**Task to complete:**
Could you return the lines below exactly, from the first line up to and including the line that holds "أو الاستفسار: راسلوا"?

Brief descriptive captions:
****

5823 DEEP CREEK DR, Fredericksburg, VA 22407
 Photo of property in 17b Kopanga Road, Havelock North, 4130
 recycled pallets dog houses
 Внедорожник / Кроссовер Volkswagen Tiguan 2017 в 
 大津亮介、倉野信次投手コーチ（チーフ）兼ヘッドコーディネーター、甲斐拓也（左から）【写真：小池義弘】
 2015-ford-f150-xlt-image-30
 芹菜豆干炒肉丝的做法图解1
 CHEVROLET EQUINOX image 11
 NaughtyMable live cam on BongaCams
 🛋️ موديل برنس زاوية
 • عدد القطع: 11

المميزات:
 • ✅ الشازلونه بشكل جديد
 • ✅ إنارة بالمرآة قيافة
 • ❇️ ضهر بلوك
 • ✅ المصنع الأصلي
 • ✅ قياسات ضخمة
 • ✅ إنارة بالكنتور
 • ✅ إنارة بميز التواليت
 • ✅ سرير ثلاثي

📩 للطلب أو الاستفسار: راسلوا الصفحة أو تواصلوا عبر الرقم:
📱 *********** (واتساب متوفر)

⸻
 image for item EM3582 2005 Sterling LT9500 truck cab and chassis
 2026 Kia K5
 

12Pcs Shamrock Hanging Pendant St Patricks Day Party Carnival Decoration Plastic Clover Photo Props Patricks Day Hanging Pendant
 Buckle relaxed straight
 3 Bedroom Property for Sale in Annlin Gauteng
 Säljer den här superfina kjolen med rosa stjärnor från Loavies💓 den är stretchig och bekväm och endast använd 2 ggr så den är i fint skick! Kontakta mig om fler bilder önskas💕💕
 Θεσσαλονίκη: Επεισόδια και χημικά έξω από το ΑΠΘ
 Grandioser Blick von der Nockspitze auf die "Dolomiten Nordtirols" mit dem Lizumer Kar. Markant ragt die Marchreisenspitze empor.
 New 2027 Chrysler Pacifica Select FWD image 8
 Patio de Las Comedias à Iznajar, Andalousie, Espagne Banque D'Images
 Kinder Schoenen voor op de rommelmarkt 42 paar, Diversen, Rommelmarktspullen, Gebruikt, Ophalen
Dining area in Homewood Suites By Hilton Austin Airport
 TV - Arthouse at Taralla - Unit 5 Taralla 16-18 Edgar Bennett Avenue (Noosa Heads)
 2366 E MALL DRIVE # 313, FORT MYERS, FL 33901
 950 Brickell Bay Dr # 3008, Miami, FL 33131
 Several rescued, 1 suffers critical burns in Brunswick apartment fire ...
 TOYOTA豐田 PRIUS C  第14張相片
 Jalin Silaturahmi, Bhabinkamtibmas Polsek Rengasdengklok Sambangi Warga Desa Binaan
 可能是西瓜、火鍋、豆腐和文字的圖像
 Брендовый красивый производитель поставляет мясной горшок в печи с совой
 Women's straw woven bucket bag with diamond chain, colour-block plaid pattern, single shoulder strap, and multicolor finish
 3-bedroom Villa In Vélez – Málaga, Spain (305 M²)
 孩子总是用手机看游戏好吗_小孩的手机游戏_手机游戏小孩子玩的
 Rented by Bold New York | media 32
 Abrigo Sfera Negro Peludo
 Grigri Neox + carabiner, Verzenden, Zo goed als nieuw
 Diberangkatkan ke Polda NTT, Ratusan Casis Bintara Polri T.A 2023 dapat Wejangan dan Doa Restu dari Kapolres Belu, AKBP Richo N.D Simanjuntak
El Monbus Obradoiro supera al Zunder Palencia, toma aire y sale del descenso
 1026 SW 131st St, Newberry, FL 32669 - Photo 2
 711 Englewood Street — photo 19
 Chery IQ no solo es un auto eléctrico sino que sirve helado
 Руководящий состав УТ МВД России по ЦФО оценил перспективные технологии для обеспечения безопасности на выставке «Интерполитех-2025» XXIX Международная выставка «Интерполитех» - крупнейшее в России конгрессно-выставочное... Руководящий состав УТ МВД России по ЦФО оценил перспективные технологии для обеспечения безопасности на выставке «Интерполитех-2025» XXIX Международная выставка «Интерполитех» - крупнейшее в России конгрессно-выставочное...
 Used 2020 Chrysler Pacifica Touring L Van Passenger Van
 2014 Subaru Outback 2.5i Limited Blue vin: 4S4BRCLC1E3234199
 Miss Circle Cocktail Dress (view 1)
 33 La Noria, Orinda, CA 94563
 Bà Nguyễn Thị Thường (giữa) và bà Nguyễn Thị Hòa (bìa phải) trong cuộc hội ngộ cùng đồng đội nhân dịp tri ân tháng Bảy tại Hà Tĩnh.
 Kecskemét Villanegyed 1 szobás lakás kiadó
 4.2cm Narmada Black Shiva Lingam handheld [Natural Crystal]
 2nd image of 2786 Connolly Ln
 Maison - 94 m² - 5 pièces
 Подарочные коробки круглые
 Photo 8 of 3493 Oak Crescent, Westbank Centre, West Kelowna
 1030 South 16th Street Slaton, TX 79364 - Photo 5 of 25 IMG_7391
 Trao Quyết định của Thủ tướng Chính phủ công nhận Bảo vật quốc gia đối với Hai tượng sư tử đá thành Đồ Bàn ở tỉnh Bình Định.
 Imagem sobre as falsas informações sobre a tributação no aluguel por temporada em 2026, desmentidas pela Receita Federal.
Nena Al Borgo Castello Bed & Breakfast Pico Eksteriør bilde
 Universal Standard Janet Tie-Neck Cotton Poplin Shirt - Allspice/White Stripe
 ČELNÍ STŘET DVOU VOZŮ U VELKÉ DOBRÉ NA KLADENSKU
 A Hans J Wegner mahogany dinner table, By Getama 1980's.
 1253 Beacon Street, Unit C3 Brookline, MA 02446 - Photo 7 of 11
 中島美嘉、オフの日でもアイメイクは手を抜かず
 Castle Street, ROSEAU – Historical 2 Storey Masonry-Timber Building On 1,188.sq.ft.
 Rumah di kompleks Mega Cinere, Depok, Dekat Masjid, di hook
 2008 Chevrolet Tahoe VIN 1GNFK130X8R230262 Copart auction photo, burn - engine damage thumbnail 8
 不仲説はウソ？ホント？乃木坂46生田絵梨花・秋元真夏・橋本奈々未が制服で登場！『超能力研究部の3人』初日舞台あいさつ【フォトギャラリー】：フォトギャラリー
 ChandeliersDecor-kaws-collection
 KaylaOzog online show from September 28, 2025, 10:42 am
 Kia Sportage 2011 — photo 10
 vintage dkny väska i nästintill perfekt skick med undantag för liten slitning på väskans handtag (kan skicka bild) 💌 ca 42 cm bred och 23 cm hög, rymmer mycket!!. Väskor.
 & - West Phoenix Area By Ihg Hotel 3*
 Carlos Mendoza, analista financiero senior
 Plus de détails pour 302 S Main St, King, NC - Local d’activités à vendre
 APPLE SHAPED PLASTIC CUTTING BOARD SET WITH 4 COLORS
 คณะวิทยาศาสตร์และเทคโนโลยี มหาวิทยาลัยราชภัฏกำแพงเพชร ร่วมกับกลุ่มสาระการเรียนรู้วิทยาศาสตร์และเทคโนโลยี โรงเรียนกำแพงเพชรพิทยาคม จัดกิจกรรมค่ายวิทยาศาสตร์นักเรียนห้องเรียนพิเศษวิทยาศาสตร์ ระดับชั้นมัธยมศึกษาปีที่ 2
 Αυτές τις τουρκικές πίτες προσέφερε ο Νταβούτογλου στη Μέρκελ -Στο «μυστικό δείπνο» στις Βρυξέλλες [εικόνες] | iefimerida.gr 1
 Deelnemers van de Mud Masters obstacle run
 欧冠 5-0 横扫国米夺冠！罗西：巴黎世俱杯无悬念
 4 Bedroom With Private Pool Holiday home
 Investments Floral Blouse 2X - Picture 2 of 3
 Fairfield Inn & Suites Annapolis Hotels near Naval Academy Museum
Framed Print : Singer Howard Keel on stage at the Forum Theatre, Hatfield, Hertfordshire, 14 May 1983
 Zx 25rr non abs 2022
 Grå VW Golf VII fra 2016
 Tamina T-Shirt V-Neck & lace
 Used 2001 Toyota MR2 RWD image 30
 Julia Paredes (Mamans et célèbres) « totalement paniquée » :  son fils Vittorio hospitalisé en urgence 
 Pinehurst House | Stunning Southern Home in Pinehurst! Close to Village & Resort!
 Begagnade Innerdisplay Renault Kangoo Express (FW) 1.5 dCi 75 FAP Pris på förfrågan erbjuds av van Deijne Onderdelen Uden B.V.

****

**Answer section:**
5823 DEEP CREEK DR, Fredericksburg, VA 22407
 Photo of property in 17b Kopanga Road, Havelock North, 4130
 recycled pallets dog houses
 Внедорожник / Кроссовер Volkswagen Tiguan 2017 в 
 大津亮介、倉野信次投手コーチ（チーフ）兼ヘッドコーディネーター、甲斐拓也（左から）【写真：小池義弘】
 2015-ford-f150-xlt-image-30
 芹菜豆干炒肉丝的做法图解1
 CHEVROLET EQUINOX image 11
 NaughtyMable live cam on BongaCams
 🛋️ موديل برنس زاوية
 • عدد القطع: 11

المميزات:
 • ✅ الشازلونه بشكل جديد
 • ✅ إنارة بالمرآة قيافة
 • ❇️ ضهر بلوك
 • ✅ المصنع الأصلي
 • ✅ قياسات ضخمة
 • ✅ إنارة بالكنتور
 • ✅ إنارة بميز التواليت
 • ✅ سرير ثلاثي

📩 للطلب أو الاستفسار: راسلوا الصفحة أو تواصلوا عبر الرقم:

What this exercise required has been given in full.